What happened
Universal Music Group, the world’s top record label, agreed to a music-download service with British cable TV and broadband provider Virgin Media that will give subscribers unlimited DRM-free downloads of Universal’s entire catalogue. In return, Virgin will adopt new anti-piracy measures, including temporarily suspending offending clients’ Internet service. (The New York Times)
What the commentators said
The “first-of-its-kind” monthly subscription deal certainly sounds attractive, said Richard Koman in ZDNet, but making Virgin and other Internet service providers into “police dogs for the copyright industry” does not. Not only does it make the ISPs treat its customers like “criminals,” but “ISP spying” is also a “gross violation” of the ISP-consumer contract.
Consumers may not care, said Matt Rosoff in CNET News, if the price is right. Universal and other labels won’t settle for less than they get through iTunes, but “what’s fair to the industry may not seem fair to users, who have been downloading free music for almost a decade now.” If customers don’t get some other “tangible benefit,” like iTunes has with iPod connectivity, “a clear conscience and less chance of being sued” won’t be enough.

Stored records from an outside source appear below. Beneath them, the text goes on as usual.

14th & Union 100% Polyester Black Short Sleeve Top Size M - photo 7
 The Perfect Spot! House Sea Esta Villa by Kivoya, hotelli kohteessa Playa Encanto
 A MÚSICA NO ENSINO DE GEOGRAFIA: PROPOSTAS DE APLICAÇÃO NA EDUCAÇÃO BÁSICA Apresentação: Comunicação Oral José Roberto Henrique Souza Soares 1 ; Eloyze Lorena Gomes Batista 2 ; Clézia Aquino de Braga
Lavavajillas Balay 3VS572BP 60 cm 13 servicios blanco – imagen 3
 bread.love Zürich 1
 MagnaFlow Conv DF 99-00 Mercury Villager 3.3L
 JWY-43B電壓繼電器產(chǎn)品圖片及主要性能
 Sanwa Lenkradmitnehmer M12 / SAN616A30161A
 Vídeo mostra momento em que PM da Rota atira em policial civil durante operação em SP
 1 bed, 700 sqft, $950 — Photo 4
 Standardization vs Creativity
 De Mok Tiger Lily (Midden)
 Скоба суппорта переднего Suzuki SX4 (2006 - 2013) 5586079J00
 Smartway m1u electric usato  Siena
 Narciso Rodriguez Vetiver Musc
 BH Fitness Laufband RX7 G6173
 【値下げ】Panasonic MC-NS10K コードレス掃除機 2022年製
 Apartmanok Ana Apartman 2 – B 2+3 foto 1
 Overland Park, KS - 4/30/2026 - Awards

The unlimited service should cost a little less than two CDs a month, said Music Ally, but there will also be lower-priced set-downloads plans. And the “controversial” agreement to cut off pirates’ Internet service might also include “less interventionist measures” such as browser redirects from file-sharing sites and bandwidth throttling. If Virgin and Universal balance the carrots and sticks, this might just work.